I've inherited 200K lines of spaghetti code — what now? - bussetta
http://programmers.stackexchange.com/questions/155488/ive-inherited-200k-lines-of-spaghetti-code-what-now

======
pasbesoin
Image and archive the extant system. In triplicate, including off-site. (Don't
assume anything you're told about existing backups is correct / correctly and
safely executed.)

Select and teach them version control. You want to be able to document and
roll back changes made from this point forward. Mantra: "First, do no
(irreversible) harm."

This code base will contain knowledge/configuration from people who are no
longer accessible. Even the current experts might have to expend considerable
time and effort in trying to recreate some of it and/or and understanding of
those parts specifically.

So, you aren't just going to rewrite it. A first step, aside from ongoing
work, would be to _document_ it.

Some of the people you are working for are going to want to _get on with
things_. A primary focus in your education might/should be to make them read
some of the better documented cases of such systems "blowing up" -- 'the bug
that ate Rochester', and the like. Convince them that _now_ is the time for
some risk management, while their luck (hopefully) holds.

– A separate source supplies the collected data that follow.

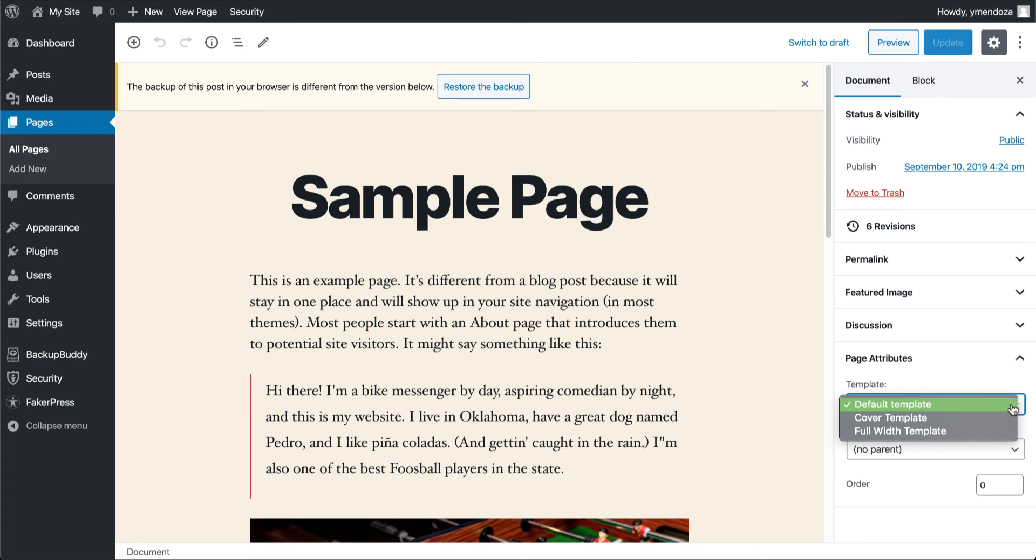Depending on your WordPress theme, you'll see different page template options here in this drop-down. Page attribute templates are built into themes and may vary from theme to theme.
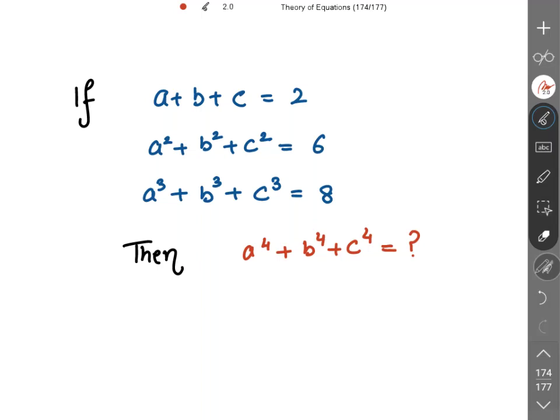If the sum of a, b, c is equal to 2, the sum of their squares is equal to 6, and the sum of their cubes is equal to 8, we need to find the sum of their fourth powers.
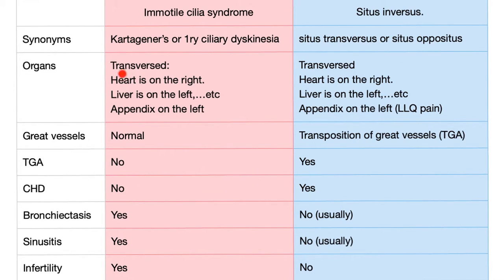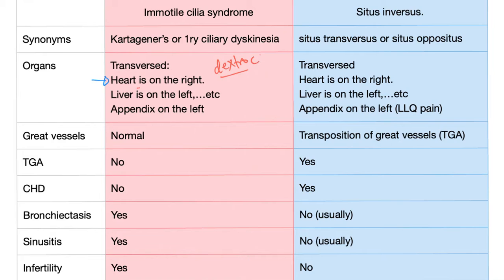In Situs Inversus, the organs are transversed — i.e. they are translocated. You have Dextrocardia, meaning the heart is on the right side. We call this Dextrocardia because 'dextro' means right side — the same root as 'dexterity,' referring to the right hand. So the heart is on the right, 'dextro' meaning right, and 'cardia' meaning heart.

Once you/they know what you have, some of those "best practices" may make more
sense and sink in better when they can be applied to something that they
actually, specifically, and directly care about.

Did I mention, version control?

Oh, and establish from the start that you are the expert in this, and that
this is _your_ job. Some egos are likely to try to push you around, unless and
until you push back sufficiently well.

------
polysaturate
Framework sauce...maybe some MVC-balls?